» DESCRIPTION OF THE TASK
Track down every line below that holds "relaxing" and copy it.

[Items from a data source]
□ □ □ □ □

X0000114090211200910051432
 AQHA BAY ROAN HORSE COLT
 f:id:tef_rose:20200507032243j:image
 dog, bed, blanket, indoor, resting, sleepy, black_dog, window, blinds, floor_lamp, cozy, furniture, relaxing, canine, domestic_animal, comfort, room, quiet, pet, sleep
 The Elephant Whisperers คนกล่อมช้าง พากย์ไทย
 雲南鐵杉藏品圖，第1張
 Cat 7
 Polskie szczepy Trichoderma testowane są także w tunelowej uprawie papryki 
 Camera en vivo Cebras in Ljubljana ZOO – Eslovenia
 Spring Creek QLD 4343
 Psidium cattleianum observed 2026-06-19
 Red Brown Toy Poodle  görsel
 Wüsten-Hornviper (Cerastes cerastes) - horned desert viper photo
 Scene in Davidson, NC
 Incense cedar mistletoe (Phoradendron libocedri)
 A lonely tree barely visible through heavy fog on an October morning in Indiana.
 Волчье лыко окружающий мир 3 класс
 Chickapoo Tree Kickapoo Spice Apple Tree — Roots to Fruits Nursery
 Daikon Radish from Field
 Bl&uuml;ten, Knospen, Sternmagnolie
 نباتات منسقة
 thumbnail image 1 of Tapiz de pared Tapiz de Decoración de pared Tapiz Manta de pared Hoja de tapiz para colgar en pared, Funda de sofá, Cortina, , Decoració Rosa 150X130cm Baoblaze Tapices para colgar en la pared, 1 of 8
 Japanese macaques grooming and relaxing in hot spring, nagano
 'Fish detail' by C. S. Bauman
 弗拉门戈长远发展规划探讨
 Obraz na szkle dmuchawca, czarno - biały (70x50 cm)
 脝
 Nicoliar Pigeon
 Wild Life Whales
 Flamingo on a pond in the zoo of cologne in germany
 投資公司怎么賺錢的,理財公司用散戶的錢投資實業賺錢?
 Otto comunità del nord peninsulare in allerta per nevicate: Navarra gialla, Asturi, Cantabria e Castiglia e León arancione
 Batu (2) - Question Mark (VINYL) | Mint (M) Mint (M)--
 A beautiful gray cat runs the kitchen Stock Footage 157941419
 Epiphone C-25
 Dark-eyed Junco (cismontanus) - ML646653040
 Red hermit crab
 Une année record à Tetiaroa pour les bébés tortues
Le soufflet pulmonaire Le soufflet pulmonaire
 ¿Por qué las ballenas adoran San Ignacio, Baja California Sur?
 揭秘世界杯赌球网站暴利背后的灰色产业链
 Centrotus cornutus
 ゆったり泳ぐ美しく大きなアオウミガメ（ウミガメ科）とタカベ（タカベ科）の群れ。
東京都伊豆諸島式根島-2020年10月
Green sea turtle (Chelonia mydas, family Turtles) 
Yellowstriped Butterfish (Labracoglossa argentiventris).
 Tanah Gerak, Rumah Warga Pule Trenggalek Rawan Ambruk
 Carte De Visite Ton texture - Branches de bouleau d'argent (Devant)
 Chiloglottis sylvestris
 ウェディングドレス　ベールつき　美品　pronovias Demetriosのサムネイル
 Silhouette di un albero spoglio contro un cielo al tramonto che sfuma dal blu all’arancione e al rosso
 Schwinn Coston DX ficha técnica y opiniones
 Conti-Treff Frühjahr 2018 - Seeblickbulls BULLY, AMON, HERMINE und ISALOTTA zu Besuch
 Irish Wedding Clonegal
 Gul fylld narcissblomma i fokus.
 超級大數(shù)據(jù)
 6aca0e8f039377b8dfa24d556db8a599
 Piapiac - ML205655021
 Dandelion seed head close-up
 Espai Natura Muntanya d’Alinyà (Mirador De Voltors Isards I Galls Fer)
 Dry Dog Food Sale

□ □ □ □ □

» EXERCISE RESULT
 dog, bed, blanket, indoor, resting, sleepy, black_dog, window, blinds, floor_lamp, cozy, furniture, relaxing, canine, domestic_animal, comfort, room, quiet, pet, sleep
 Japanese macaques grooming and relaxing in hot spring, nagano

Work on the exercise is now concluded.